# What is being asked:
Output exactly, please, the lines of the records below from the one containing "LEPAD6X6 Watering Bowl Pad Cement 6x6" through the final line.

# Provided data:

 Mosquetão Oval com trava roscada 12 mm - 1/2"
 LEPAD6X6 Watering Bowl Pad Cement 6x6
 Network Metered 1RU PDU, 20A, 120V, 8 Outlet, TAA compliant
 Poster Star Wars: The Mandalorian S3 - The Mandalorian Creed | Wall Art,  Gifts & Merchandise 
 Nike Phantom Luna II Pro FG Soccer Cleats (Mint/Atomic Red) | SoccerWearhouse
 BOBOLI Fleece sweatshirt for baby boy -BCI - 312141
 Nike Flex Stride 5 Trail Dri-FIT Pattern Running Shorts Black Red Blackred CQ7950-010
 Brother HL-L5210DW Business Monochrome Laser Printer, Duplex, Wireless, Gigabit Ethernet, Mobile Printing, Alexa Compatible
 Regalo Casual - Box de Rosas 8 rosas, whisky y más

# Written solution:
 LEPAD6X6 Watering Bowl Pad Cement 6x6
 Network Metered 1RU PDU, 20A, 120V, 8 Outlet, TAA compliant
 Poster Star Wars: The Mandalorian S3 - The Mandalorian Creed | Wall Art,  Gifts & Merchandise 
 Nike Phantom Luna II Pro FG Soccer Cleats (Mint/Atomic Red) | SoccerWearhouse
 BOBOLI Fleece sweatshirt for baby boy -BCI - 312141
 Nike Flex Stride 5 Trail Dri-FIT Pattern Running Shorts Black Red Blackred CQ7950-010
 Brother HL-L5210DW Business Monochrome Laser Printer, Duplex, Wireless, Gigabit Ethernet, Mobile Printing, Alexa Compatible
 Regalo Casual - Box de Rosas 8 rosas, whisky y más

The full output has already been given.